Et de même, nonobstant l'invocation du caractère inhabitable des lieux, elle n'a que très tardivement et très ponctuellement, justifié de la recherche d'un logement social, justifiant d'une demande initiale en date du 9 juin 2023, et d'un recours amiable exercé devant la commission départementale de médiation en vue d'une offre de logement en date du 10 mars 2024.
Au surplus, elle n'a pas justifié de ses revenus, ni que ceux-ci lui permettrait d'être éligible à un logement social, ou l'empêcherait de trouver une location hors logement social, sans faire état par ailleurs à aucun moment de la moindre recherche de logement dans le secteur privé.
Car les revenus qu'elle a déclarés dans le cadre de ses recherches de logement social, ne procédant que de ses seules affirmations, n'en constituent pas une justification suffisante.
Du tout, il sera retenu que le bien immobilier en cause n'est inhabitable que pendant la durée, limitée, d'exécution des travaux d'étanchéité de la verrière et de traitement contre la mérule, tandis que l'occupante des lieux n'a pas suffisamment justifié de ses propres diligences pour retrouver un logement décent.
Avec le premier juge, il sera tranché que les conditions d'application des textes susdits ne sont pas réunies, que Madame [G] sera déboutée de sa demande, et le jugement sera confirmé de ce chef.
Il y aura lieu de confirmer le jugement en ce qu'il a débouté Monsieur [Z] de sa demande au titre des frais irrépétibles de première instance, et a laissé à chaque partie la charge des dépens d'appel.

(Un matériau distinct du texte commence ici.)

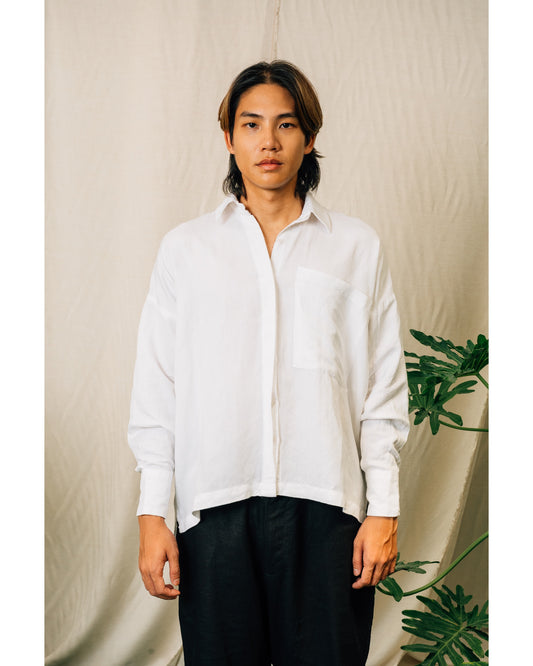 Kaito Top in White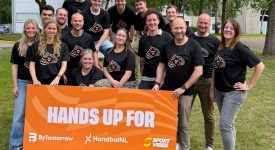 Nederlands Handbal Verbond intensiveert samenwerking met SportVibes en ByTomorrow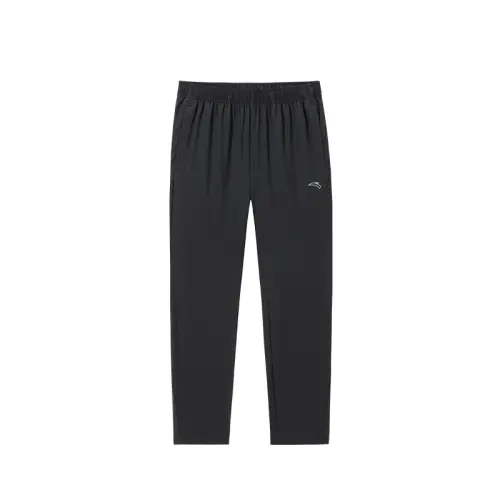 Anta Running Collection Casual Pants Women's Basic Black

Succombante à hauteur de cour, Madame [G] sera déboutée de sa demande au titre des frais irrépétibles d'appel, et sera condamnée aux dépens d'appel avec distraction au profit du conseil de Monsieur [Z] ainsi qu'à payer à celui-ci la somme de 2000 euros au titre des frais irrépétibles d'appel.
PAR CES MOTIFS
La Cour,
Confirme le jugement déféré en toutes ses dispositions;
Y ajoutant:
Déboute Madame [H] [G] de sa demande au titre des frais irrépétibles d'appel;
Condamne Madame [H] [G] à payer à Monsieur [D] [Z] la somme de 2000 euros au titre des frais irrépétibles d'appel;
Condamne Madame [H] [G] aux dépens d'appel avec distraction au profit de la société d'exercice libéral à responsabilité limitée Lx Poitiers, conseil de Monsieur [D] [Z], de ceux des dépens d'appel dont elle a fait l'avance sans en avoir reçu provision.